Hier,
je n’ai pas pris mes petites pilules pour dormir. J’ai dormi d’un sommeil plus réfléchi
sans coefficient de réfraction. Les rêves étaient plus matérialistes. Terminé
les hippopotames en tutu, les éléphants bleus fumeurs de baobab, les déesses
séniles qui hantaient mes nuits, les léopards en string humain, les intégristes
de la paix, les pourfendeurs de buches, les baromètres fluorescents, les
cornacs dans le coma, les montées de libido face à un silex biface, les bols de
café où le contenu devennait le contenant…lorsque je me réveille la nuit, les
pensées sont plus claires et plus réalistes.
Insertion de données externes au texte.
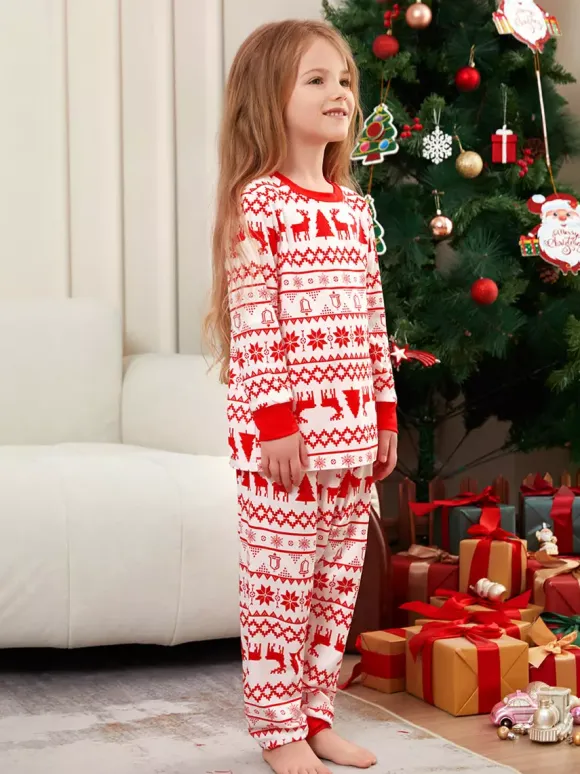 Classic Red White Reindeer Print Family Christmas Pajamas Holiday Set 2026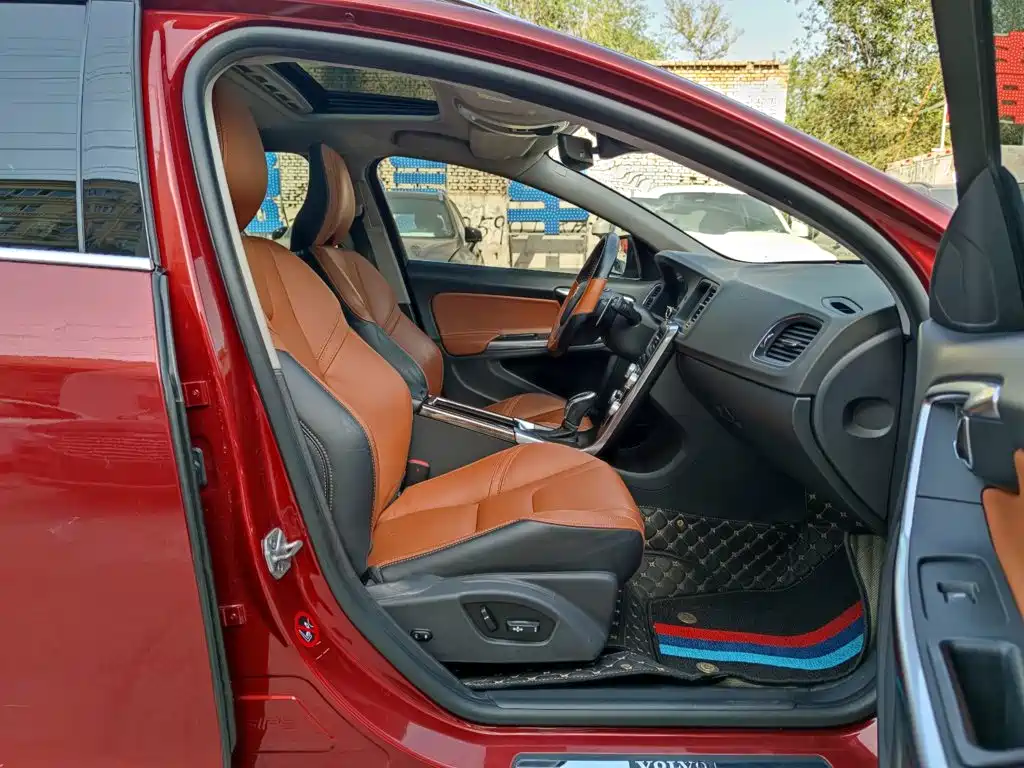 Фото 8 - Volvo V60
Si je supporte le réel, c’est que
le réel est supportable, si le réel est maintenant supportable c’est parce que
mon grand fiston va mieux.
Je
n’écris pas qu’il est sorti d’affaire, je ne désire pas attirer l’attention des sorcières maléfiques qui l’ont endormi.
Hier,
Vivien m’a rembarré. N’est-ce pas un signe positif ? Monsieur refusait de
mettre sa capuche, alors que son corps frêle avait oublié les caresses de la
bise de Normandie. Il a fait sa première sortie à l’extérieur, moitié siège à
roues, moitié chaussures.
Vivien
attend une place en centre de rééducation fonctionnelle. Pour l’instant il
profite de la vie. Entre les petits plats préparés avec amour par sa mère, les
visites de ses potes, la lecture des bandes dessinées, la visite de la famille,
les câlins de sa maman chérie il n’a pas le temps de s’ennuyer.
Tous les jours sous l’impulsion des injections
d’anti coagulants, il fait une promenade sur ses deux jambes. La motivation
première pour l’acquisition de la marche n’est pas l’autonomie comme chez le
commun des mortels, mais la peur des piqures. Chacun sa motivation, et seul le
résultat compte.
Qu’il
marche sans appui est un exploit, car ses jambes sont aussi grosses que deux
baguettes chinoises. Il y a une semaine, il tenait tous juste debout avec
l’aide d’une tierce personne qui n’était pas la troisième car il n’était que
deux. De plus comble de l’absurdité elle n’était pas chinoise. Comment a-t-elle
su manier deux baguettes ?
Les
sens fonctionnent, même l’ouïe. Pourtant nous avions été préparés à une surdité
de l’oreille gauche. Une fracture du rocher entraine une surdité. Et bien non,
il entend parfaitement quand je susurre à son oreille : petit con. Je
n’écrirai pas la réponse de peur de choquer des parents bien-pensants.
Voilà
les nombreuses raisons qui ont provoqué la fuite des petites pilules que
j’affectionnais tant. Pour compenser leur absence, je picole un peu plus et roule
un petit pétard du soir. Terminé les rêves studieux. Maintenant je rêve de
nuages roses, de fées nues, de lignes de coke interminable, de farandoles de
petits chevaux à base de bisphénol, de tours Eiffel plantées, du bouc de
monsieur Seguin, et de massacre à la tronçonneuse sur tous les conifères
qui squattent nos montagnes.
Je
suis contre l’éradication des arbres, mais je suis partisan des montagnes
chauves. Je suis écologiste mais pas con.
Cette
navigation est symbolique. La dernière navigation était le jour de l’accident
de Vivien. Cinq mois plus tard, le premier mai, Ninon, Vivien et moi fîmes le
voyage du retour. Nous passâmes devant les mêmes falaises sur lesquelles une
partie de mon Moi restera à jamais figé. Ce fut un moment intense.